Así lo hicieron las mujeres; así lo hicieron Pedro y Juan; y fueron ellos los primeros en descubrir que, para entrar en la oquedad había que agacharse, que inclinarse, que abajarse… pues sólo cuando seamos capaces de mancharnos de polvo, de barro, de telarañas…, podremos descubrir que nuestro Dios no es un Dios de muertos sino de vivos.
¡Qué bien lo ha debido de entender el Papa Francisco para decirnos: “Entrad en la Resurrección lentamente, con humildad…!” Y es así precisamente como debemos entrar en el misterio del hermano: lentamente, con humildad. Sin intentar perturbarlo, sin invadirlo, sin exigirle, sin violentarlo… El sepulcro invita a salir deprisa. Nada atractivo se encuentra en su interior como para permanecer allí. Las vendas, el sudario, la mortaja… y una gran oscuridad.
Sin embargo es triste descubrir que, en este mundo que parece tan avanzado, sigue habiendo gente instalada en “su sepulcro” atada con vendas a tantos condicionamientos como le impone la sociedad, privada de libertad –aunque se crea realmente libre-, llena de miedo a lo nuevo e incapaz de abrirse a ello; y triste… muy triste sumida en la oscuridad de su corazón. La cerrazón se ha apoderado de su vida.
Por eso, es el mismo Jesús Resucitado el que nos dice a nosotros, ¡ayudadles vosotros a resucitar! Pero Señor: Si hoy no se habla de estas cosas, si no querrán escucharnos ¿Cómo podemos hacerlo?
Para hablar de resurrección no se necesitan muchas palabras, se necesitan obras. El amor les bastó, a los primeros cristianos, como distintivo de que algo nuevo había llegado. ¡Mirad como se aman! Decían sus contemporáneos. Y os aseguro que, ahora como entonces, nuestro testimonio de vida será nuestra mayor disertación.
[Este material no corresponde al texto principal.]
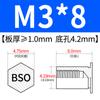 Tornillo remachable para agujero ciego, tuerca remachable, columna BSO-M3 * 11-25-30-4-5-6-7-8-9-10, agujero inferior 4.2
Pongámonos un rato ante Cristo resucitado. Repasemos algunas zonas de nuestro mundo necesitadas de resurrección. Hagámoslo hasta que nos duela el alma, hasta que descubramos que para entrar en el misterio hay que doblar la rodilla y el corazón.
Pues solamente quien se humilla puede vislumbrar los bienes de arriba. El orgulloso mira siempre desde arriba hacia abajo y sólo ve tierra, sin embargo el humilde mira desde abajo hacia arriba y por eso puede contemplar la inmensidad. Qué importante sería preguntarnos: Y yo, ¿desde dónde miro?
Volvamos a Jesús resucitado. Seamos testigos de la Resurrección. Volvamos al primer encuentro con el Señor. Busquemos experiencia de resurrección en nuestra vida; y digamos a todos desde lo profundo del corazón: ¡¡Cristo ha resucitado!! ¡¡Aleluya!!